_What is expected_
Only the pictures are dropped. Restate each line below word for word.

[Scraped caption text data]
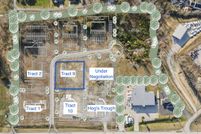 Land for sale in Rowan County, Kentucky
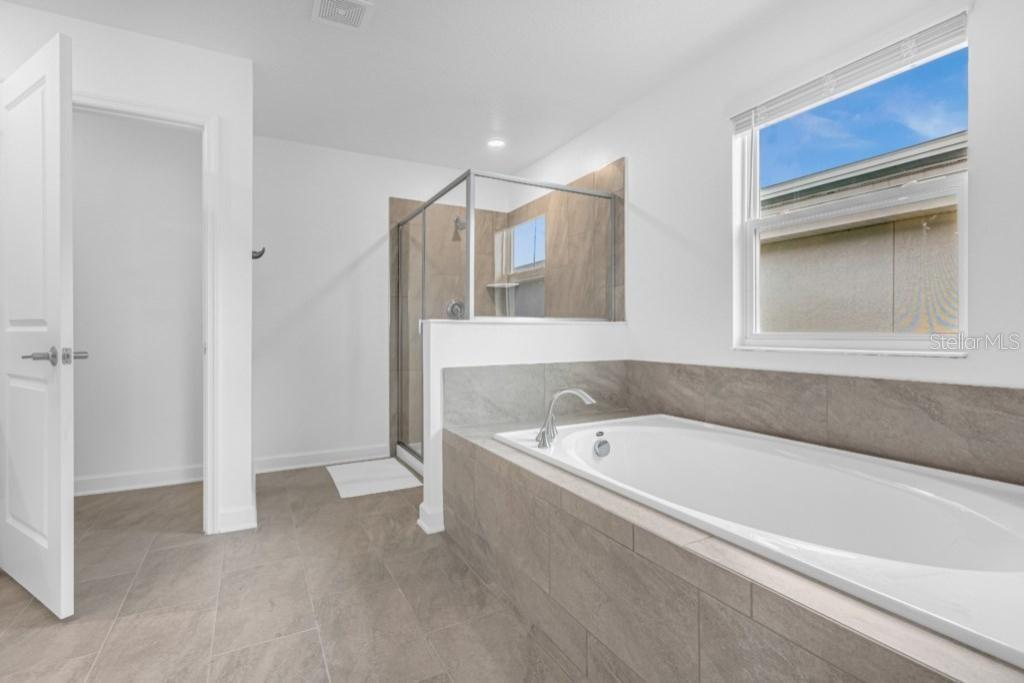 STONEYBROOK SOUTH NORTH PRCL PH 7 - Residential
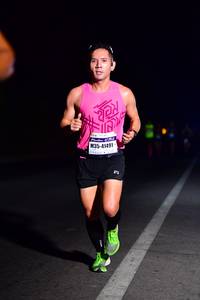 BIB: 41491
                            <button type="button" onclick="openModal(8252077)" class="btn btn-primary btn-sm float-right btn-popup" data-toggle="modal" data-target=".modal-high-quality">
                        <i class="fas fa-shopping-cart"></i> Add to Cart
                    </button>
                                            <button type="button" onclick="isThisMe(8252077, true)" class="btn btn-success btn-sm float-right btn-popup btn-isme hidden" data-toggle="tooltip" data-placement="bottom" title="นี่คือรูปของคุณใช่ไหม คลิกที่นี่เพื่อเอาเข้าอัลบั้ม">
                        <i class="fas fa-plus"></i> Add to album
                    </button>
                    <button type="button" onclick="isThisMe(8252077, false)" class="btn btn-warning btn-sm float-right btn-popup btn-isnotme hidden">
                        <i class="fas fa-ban"></i> Remove from album
                    </button>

_Answer space_
 Land for sale in Rowan County, Kentucky
 STONEYBROOK SOUTH NORTH PRCL PH 7 - Residential
 BIB: 41491
                            <button type="button" onclick="openModal(8252077)" class="btn btn-primary btn-sm float-right btn-popup" data-toggle="modal" data-target=".modal-high-quality">
                        <i class="fas fa-shopping-cart"></i> Add to Cart
                    </button>
                                            <button type="button" onclick="isThisMe(8252077, true)" class="btn btn-success btn-sm float-right btn-popup btn-isme hidden" data-toggle="tooltip" data-placement="bottom" title="นี่คือรูปของคุณใช่ไหม คลิกที่นี่เพื่อเอาเข้าอัลบั้ม">
                        <i class="fas fa-plus"></i> Add to album
                    </button>
                    <button type="button" onclick="isThisMe(8252077, false)" class="btn btn-warning btn-sm float-right btn-popup btn-isnotme hidden">
                        <i class="fas fa-ban"></i> Remove from album
                    </button>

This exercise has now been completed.